School of Information
- Type: Public
- Established: 1947
- Parent institution: Florida State University College of Communication and Information
- Dean: Michelle Kazmer
- Director: Chris Hinnant
- Location: Tallahassee, Florida, U.S. 30°26′28.3″N 84°17′45.5″W﻿ / ﻿30.441194°N 84.295972°W
- Website: ischool.cci.fsu.edu

= Florida State University School of Information =

The Florida State University School of Information is a school within the Florida State University College of Communication and Information.

It was founded in 1947, when Florida State University was founded, as the School of Library Training and Service (SOLTAS). It changed its name in 1968 to the School of Library Science. Another name change occurred in 1981 when the faculty voted to change the name to the School of Library and Information Science in preparation for the opening of the School's new building (the current facility) later in 1981. In 2004, the School changed its name to the College of Information.

The school offers programs in Information Science and Information Technology. These programs are consistently top-ranked programs in the nation and have held such rankings for many years in the U.S. News & World Report. The college is currently ranked 13th overall nationally, the Services for Children and Youth specialization program ranked fifth, School Library Media program ranked first, and the Information Technology program ranked 9th.

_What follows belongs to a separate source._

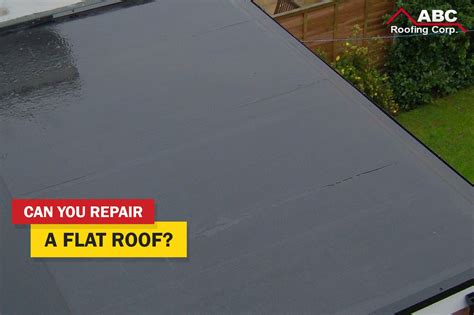 How To Repair A Flat Roof In South Florida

The College of Communication & Information offers an Information Technology program at the undergraduate level, an ALA accredited online Master of Science in Information (MSI), a Masters in Information Technology degree (MSIT), a specialist degree, and a doctoral degree. The undergraduate courses are delivered as face to face instruction. At the graduate level, the courses are offered either in a face to face format or online. All graduate courses are offered online at some time to enable students from around the world to participate in the program.

==National rankings==
U.S. News & World Report #55 overall (2022)
- Masters in Information - 13th overall
- Masters in Information Technology - 9th Overall among all universities; 5th Overall among public universities
- Digital Librarianship - 11th overall
- School Library Media - 1st overall
- Services for Children and Youth - 5th overall
In 2014, the library media program was ranked 1st in the nation by U.S. News & World Report.